I think a lot of people, when they first saw these events emerge, had the thought of like, “Oh, this is like having a White History Month. White people are so often the default. Why even call out a specific event just for them? Why not have an event open to everyone?” So I’d love to know your thoughts on whether this was an effective choice, and if so, what made it effective.
That’s a misreading of the moment, and I think it’s an under-reading of what is different about these efforts to form around categories that many times are not even marked or noticed. Look, plenty of people had a lot of things to say about white women voting for Trump. So what is the solution to that? The solution to that is for white women who are not for Trump to mobilize other white women to talk about it: What is it that people should be thinking and saying that they haven’t been? What is it that they need to do to mobilize that particular political cohort?
It is, I think, a not particularly sophisticated response to simply say this is like White History Month. In fact, I think that’s kind of silly. This is acknowledging that race and gender and other factors do form a consistent political axis in our community, and it is important to find ways to speak to those constituencies, and to speak to them in a way that doesn’t affirm the worst aspects of these historical categories. It makes possible for the best mobilizations, the best ways to talk internally, so that we can secure our democracy.
We saw the possibilities of raising consciousness, generating excitement, and raising resources so that this excitement has a chance of actually turning into a politically powerful coalition that can put a non-authoritarian in the White House.
So would you say that this kind of identity-based fundraising is a good strategy to continue throughout the election cycle or even going forward?
Well, one cannot tell what’s going to happen throughout the election, right?

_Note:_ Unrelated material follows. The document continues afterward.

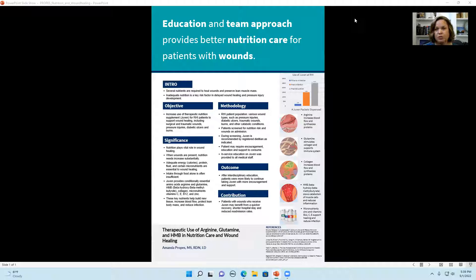When I began working here almost two years ago, I saw an opportunity to increase the use of a therapeutic supplement called Juven. My objective was to increase its use for better patient outcomes, and I initiated the use of Juven as a standard practice for pressure injuries stage 2 or greater, chronic wounds, diabetic ulcers, traumatic wounds, and burns.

So we’re in a period of time where clearly a moribund campaign has excited people. Clearly, depression has turned into excitement. It’s a fluid situation.
But let’s be clear about another thing: race, gender, class issues. They’ve been around for the entirety of this country. To think that suddenly they’re going to dissipate at some point, regardless of what happens or even if Kamala Harris gets elected, is a mistake. It was a mistake that too many people made when Obama got elected. And I hope it’s not a mistake that people make again. These are deep grooves in our society, and because most of the time they’ve been used in a negative way, people think that they’re inherently only capable of producing exclusion and power.
But there have been plenty of white people who have organized as white people in defense of democracy and defense of racial justice. I mean, the entire civil rights movement, one of its most important conventions is that white people put their bodies on the line as well, knowing that as white people, their ability to mobilize for a true multiracial democracy would gain disproportionate attention from the media. This is using whiteness to dismantle exclusion. And we need to tell more of those stories.
The very fact that we’re talking about this is because those stories are not part of the history that we’re taught in schools. Parents attack teaching about our racial past because they say it’s divisive or they say it makes their kids feel bad. It’s evidence that we’re not taught about these people who have organized around their whiteness in order to advance and promote racial inclusion, democracy, and a true multiracial democracy.